Bischoff's final paragraphs:
Skepticism about whether anything even remotely approaching these models will be built can be forgiven, and not just because of the well-known divigations of the World Trade Center project. Gehry is, as we said, 75 years old -- they're making valedictory movies about him now -- and we can't be sure he will really be around to give his full attention to the completion of the design. Anyway, up to now he has proposed nothing that unifies the vast site, or that imaginatively reconfigures the neighborhood in a way that pleases all the different claimants to its use.

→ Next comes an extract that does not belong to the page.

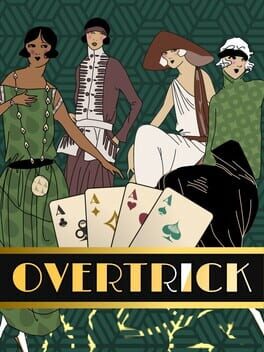 Overtrick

Part of the problem is Gehry's method. He rather famously proceeds in fits in starts, proposing designs, changing them, engaging his (usually) billionaire clients in the sturm und drang of artistic creation. It works great when you're focussed on the relationship between a single client and the architectural genius, but when the client is a thousand people, few of whom have ever wanted to live in an American suburb, it gets hairy. And we do remember the billion-dollar museum plan Gehry unveiled for the Guggenheim a few years back, slated for the East River just off the South Street Seaport. That'll never happen.
Celebrity is as celebrity does.
So, nothing unifies the site or reconfigures the neighborhood? The critic might have assessed the effect of the superblock, or whether the recently-modified view corridors in between buildings would increase site permeability. And he might have pointed out that "the client" is far more than a thousand people, given that the project could include more than 17,000 residents, some 2500 office workers, and a 20,000-seat arena--and some densely-populated nearby neighborhoods surely want a voice in the discussion.
Still, Bischoff's criticism raises a question: How "hairy" is it going to get?